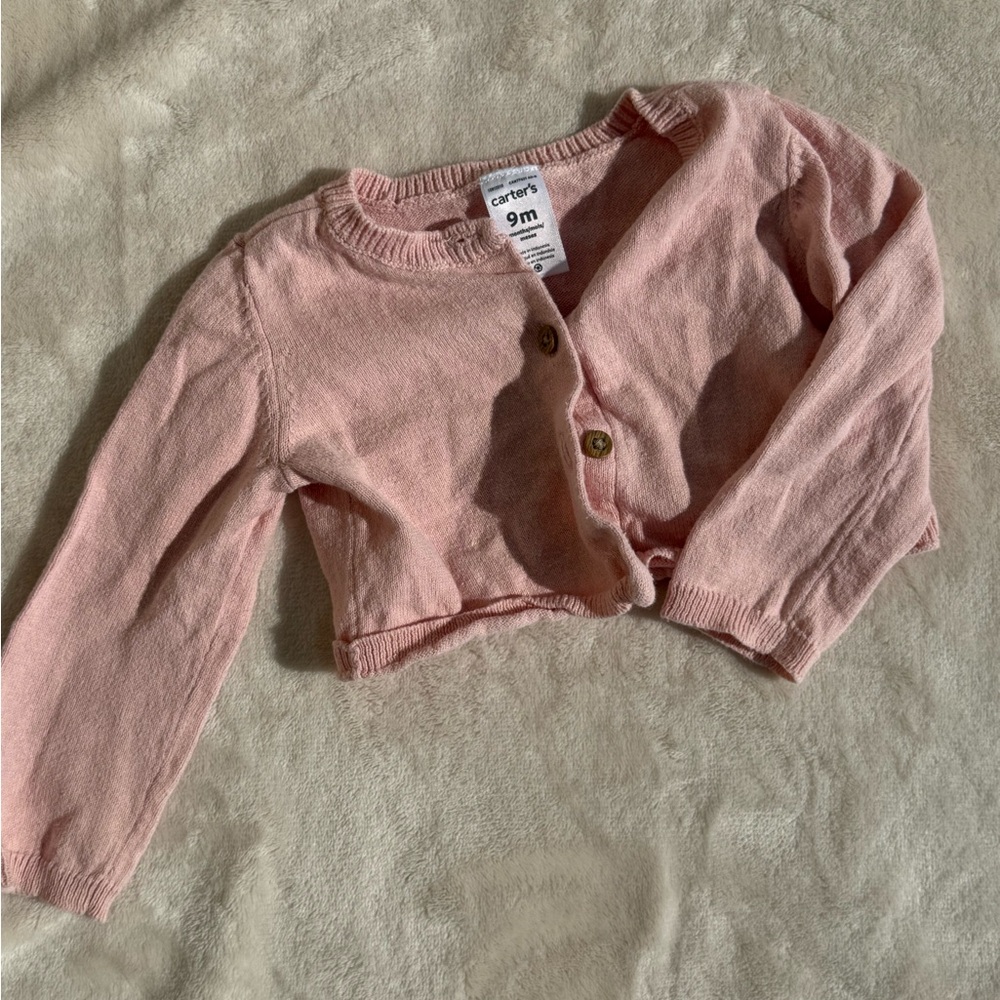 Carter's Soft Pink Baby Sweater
··········
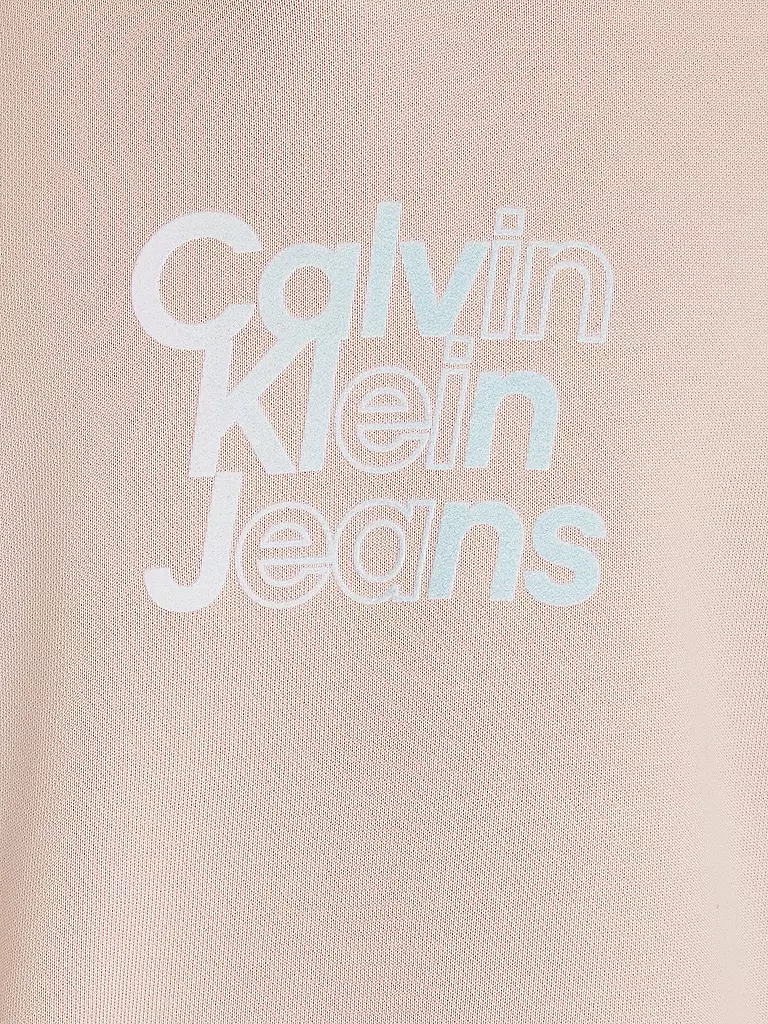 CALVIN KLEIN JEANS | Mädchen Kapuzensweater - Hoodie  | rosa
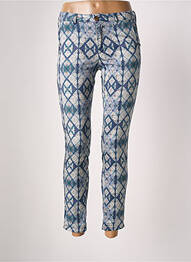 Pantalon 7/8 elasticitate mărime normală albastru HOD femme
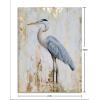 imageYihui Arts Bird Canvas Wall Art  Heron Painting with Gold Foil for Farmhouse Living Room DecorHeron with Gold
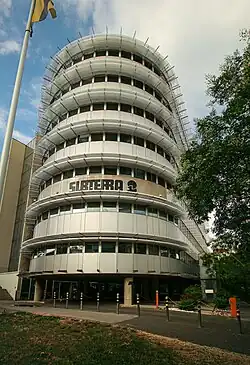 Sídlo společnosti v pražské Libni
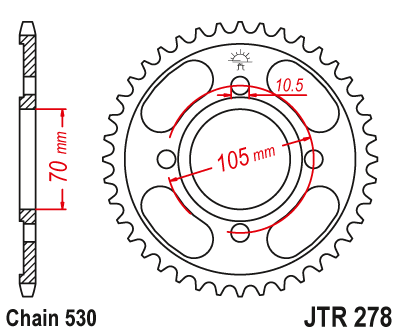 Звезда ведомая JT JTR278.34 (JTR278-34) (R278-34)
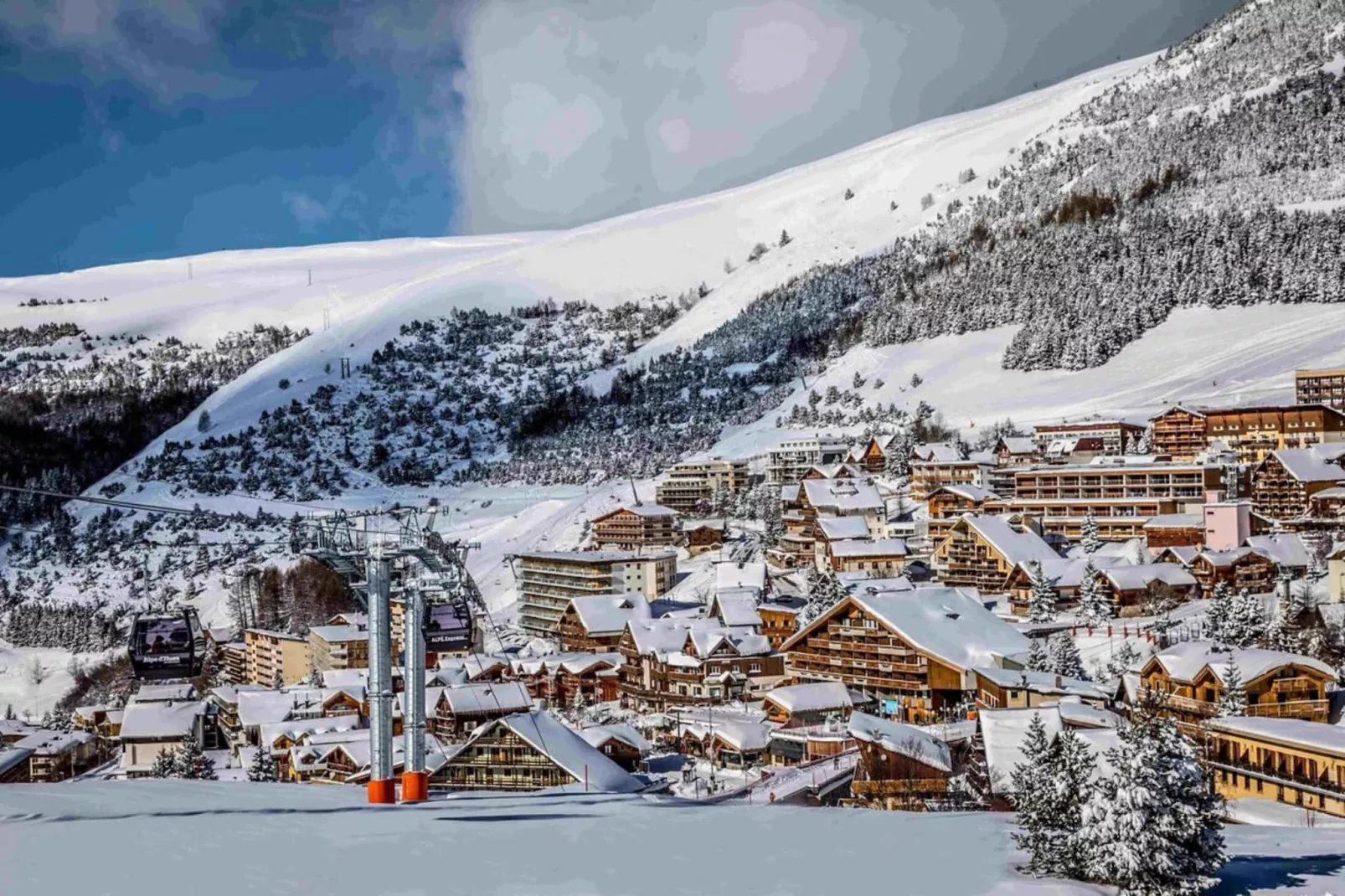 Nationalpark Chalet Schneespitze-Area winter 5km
··········
**Description of the task**
Retype the lines above exactly as they appear, from the line containing "Sídlo společnosti v pražské Libni" through the line containing "Nationalpark Chalet Schneespitze-Area", and leave out any pictures.

**Output of the exercise**
 Sídlo společnosti v pražské Libni
 Звезда ведомая JT JTR278.34 (JTR278-34) (R278-34)
 Nationalpark Chalet Schneespitze-Area winter 5km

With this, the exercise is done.